In Ari Aster’s nightmarish Midsommar, a group of graduate students travel to a remote Swedish community to study its unique religious beliefs. Eager to escape the tragedy of her parent’s murder/suicide perpetrated by her sister, Dani (Florence Pugh) asks her boyfriend, Christian (Jack Reynor), to go along. Afraid to break up with her because of her recent tragedy, he relucantly agrees to let her tag along.
The movie opens, however, with Christian discussing why he needs to break up with Dani with his friends. The murder suicide throws all of this off. Christian can’t bring himself to break up with someone grieving, but that doesn’t mean he’s staying with her for the right reasons. In one shot, Christian is positively miserable as he lamely tries to assuage Dani’s grief by resting his hand on her back. Dani’s sister murdered her parents in their sleep and then took her own life. This setup of being unable to act out of empathy, sets the tone for the rest of the movie. Christian only dutifully cares for Dani as he attempts to distance himself, but bringing her to the commune is a mistake from the beginning. As soon as they arrive, amidst a sort of return from rumspringa, take hallucinogenic mushrooms before entering the camp. Dani is peer pressured into taking the drugs and experiences a trip fueled by grief and anxiety, a terrible combination that not only makes the viewer start to hate Christian, it makes it clear that this isn’t your usual horror movie. The effects during the trip are eerily realistic, subtle in the way that only someone who has experienced hallucinogens will appreciate, and we delve deeply into Dani’s psyche.

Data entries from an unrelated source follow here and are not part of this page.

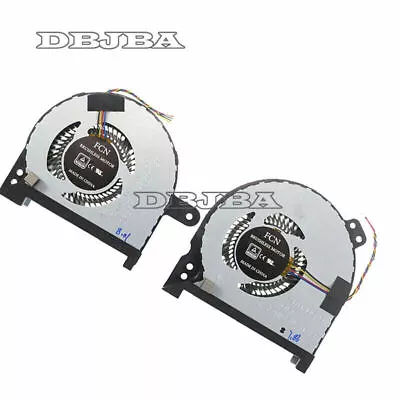 $39.46 • Buy Laptop Cooling Fan For GIGABYTE Sabre Pro 15 (GTX 1060) CPU + GPU FAN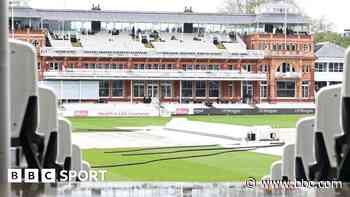 Middlesex & Leicestershire suffer wash-out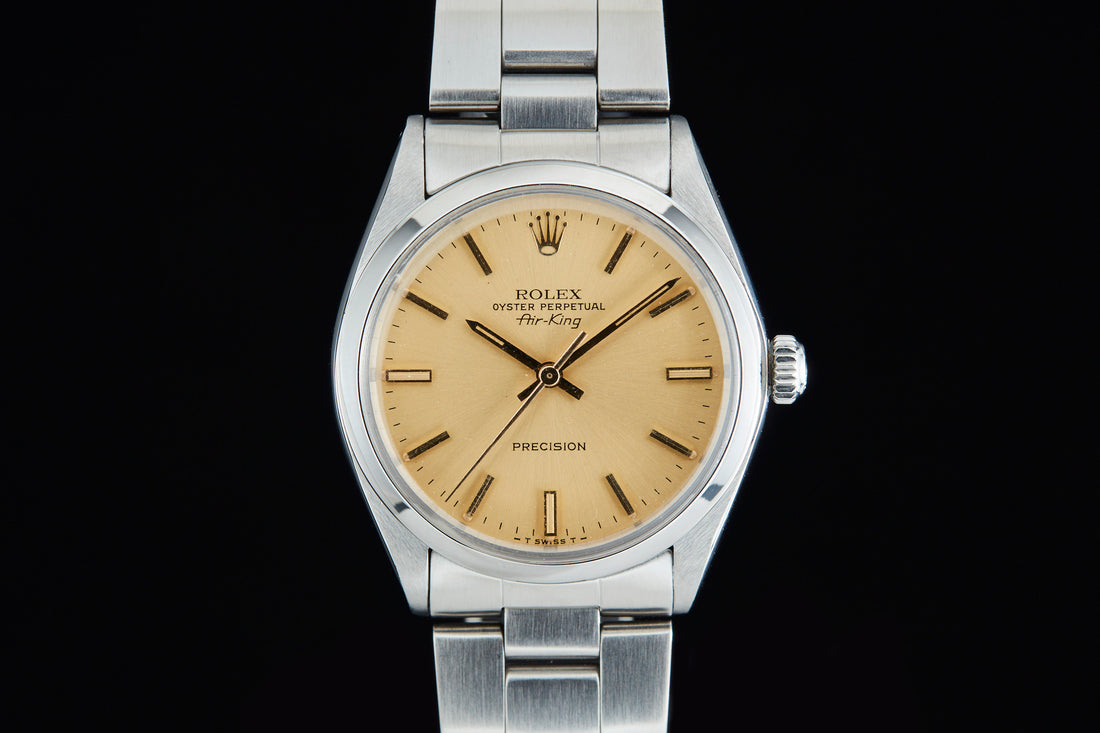 Du vintage simple, sobre, efficace et un peu sous les radars ? La gamme Air-King vintage.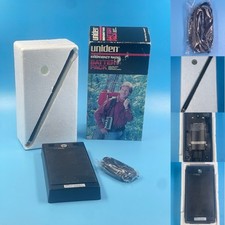 VINTAGE UNIDEN MODEL NO. PC-9 TWO WAY CITIZENS EMERGENCY RADIO Open Box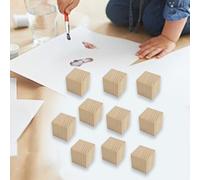 Blocchi di legno non finiti Blocchi impilabili per creare puzzle Creare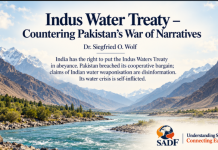 Indus Water Treaty – Countering Pakistan’s War of Narratives (Siegfried O. Wolf on Substack)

The commune is welcoming, but it plays on all of the viewer’s xenophobic fears; trusting translations, not understanding and fumbling through customs, and the idea that someone else’s odd beliefs might be tapping into something that is more powerful than you’d like to believe.
The commune unexpectedly offers the grieving Dani exactly what she needs.
In the most memorable scene in the movie, the entire village watches while the oldest people of the village, a couple at the age of 78, climb to the top of a cliff and perform a rite that involves leaving bloody handprints on a stone. Dani and Christian wait quietly along with the villagers, some of whom carry large mallets. When the woman jumps to her death, all the sound stops. Dani is in shock even though others try to console her. It’s not just gruesome, it’s disturbing to watch Dani be retraumatized.
When the man jumps and doesn’t die on impact, it’s even harder to watch. He screams in pain, then all the members of the village, quiet until that point, begin screaming back at him. It struck me immediately as something out of “The Cask of Amontillado”, wherein the screams of Fortunato are aided, surpassed and doubled ironically, but something was going on.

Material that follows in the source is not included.